Dans l'Allemagne de l'époque nazie, des rues portent son nom dans plusieurs villes allemandes, dont sa ville natale de Magdebourg et Leverkusen . [18]

Références

  1. ^ Stackelberg (2007). Le compagnon Routledge de l'Allemagne nazie , p. 243.
  2. ^ Stackelberg (2007). Le compagnon Routledge de l'Allemagne nazie , p. 243.
  3. ^ Wistrich (2001). Qui est qui dans l'Allemagne nazie , p. 232.
  4. ^ Stackelberg (2007). Le compagnon Routledge de l'Allemagne nazie , p. 243.
  5. ^ Snyder (1976). Encyclopédie du Troisième Reich , p. 320.
  6. ^ Snyder (1976). Encyclopédie du Troisième Reich , p. 320.
  7. ^ Kershaw (2000). Hitler : 1889-1936, Hubris , p. 310, 356.
  8. ^ Zentner & Bedürftig, éd. L'Encyclopédie du Troisième Reich , vol. 2, (MZ), p. 869.
  9. ^ Longerich (2012). Heinrich Himmler , p. 144.
  10. ^ Shirer (1990). L'essor et la chute du Troisième Reich , p. 184.
  11. ^ Bracher (1970). La dictature allemande : les origines, la structure et les effets du national-socialisme , p. 222.
  12. ^ Klee (2007). Das Personenlexikon zum Dritten Reich. Wer war was vor und nach 1945 , p.578.
  13. ^ Fischer (1995). L'Allemagne nazie : une nouvelle histoire , p. 315.
  14. ^ Evans (2006). Le Troisième Reich au pouvoir , p. 358.
  15. ^ Mazower (2009). L'empire d'Hitler : comment les nazis ont gouverné l'Europe , pp. 532–533.
  16. ^ Taylor & Shaw (2002). Dictionnaire du Troisième Reich , p. 261.
  17. ^ Snyder (1976).
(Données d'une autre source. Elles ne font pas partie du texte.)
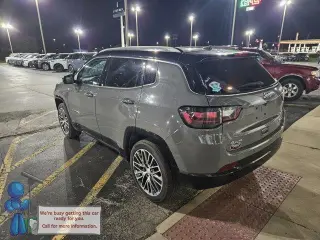Jeep Compass 2022 4x4 Limited 4dr SUV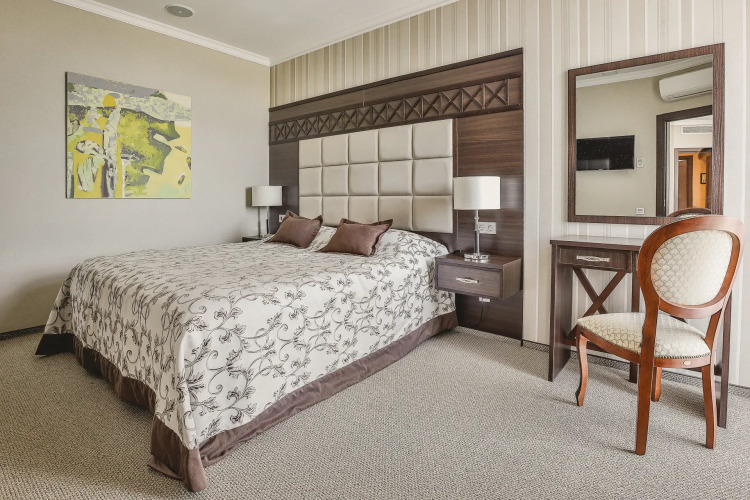 Фотография номера гостиницы Пале Рояль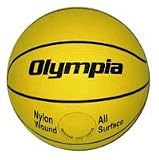 Budget Basketball Olympia Intermediate, Yellow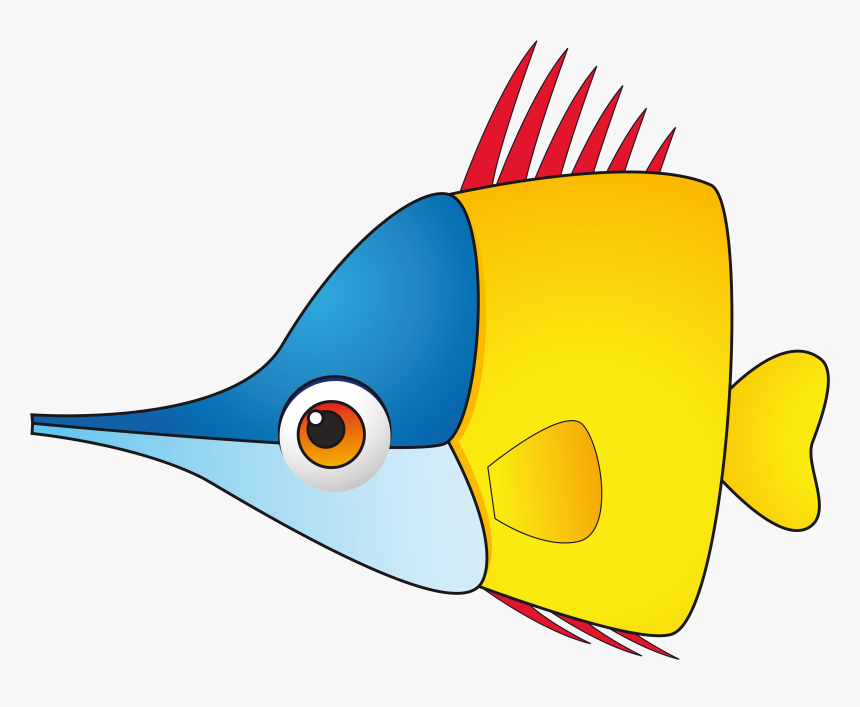 Thumb Image - Peces De Mar Png, Transparent Png, Free Download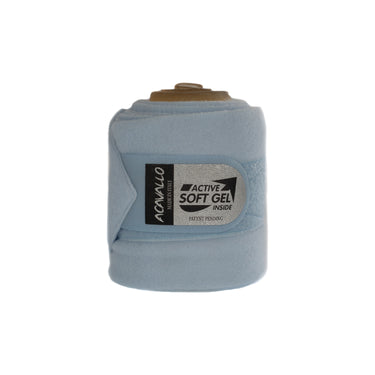 Buy Acavallo Gel And Fleece Bandages - Pair  | Online for Equine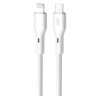 USB PD кабель XO NBQ231A 27V (Type-C на Lightning) фото 1 — eCase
Encyclopédie du Troisième Reich , p. 320.
  18. ^ Franz-Seldte-Str. (ehemalig)

Bibliographie

  • Bracher, Karl D. La dictature allemande: les origines, la structure et les effets du national-socialisme . New York : éditeurs Praeger, 1970.
  • Evans, Richard J. Le Troisième Reich au pouvoir . New York : Pingouin, 2006.
  • Fischer, Klaus. L'Allemagne nazie : une nouvelle histoire . New York : Continuum, 1995.
  • Kershaw, Ian. Hitler : 1889-1936, Hubris . New York : WW Norton & Company, 2000.
  • Klee, Ernest. Das Personenlexikon zum Dritten Reich. Wer war was vor und nach 1945 . Francfort-sur-le-Main : Fischer-Taschenbuch-Verlag, 2007.
  • Longerich, Pierre. Heinrich Himmler . Oxford et New York : Oxford University Press, 2012.
  • Mazower, Marc. L'empire d'Hitler : comment les nazis gouvernaient l'Europe . New York : Pingouin, 2009.
  • Shirer, William L. La montée et la chute du Troisième Reich . New York: MJF Books, 1990, [1959].
  • Snyder, Louis L. Encyclopédie du Troisième Reich . Londres : Robert Hale, 1976
  • Stackelberg, Roderick. Le compagnon Routledge de l'Allemagne nazie . New York : Routledge, 2007.
  • Taylor, James et Warren Shaw. Dictionnaire du Troisième Reich . New York : Pingouin, 2002.
  • Wistrich, Robert S. Qui est qui dans l'Allemagne nazie . New York : Routledge, 2001.
  • Zentner, Christian et Friedemann Bedürftig, éd. L'Encyclopédie du Troisième Reich , vol. 2 (MZ). New York: Macmillan Publishing, 1991.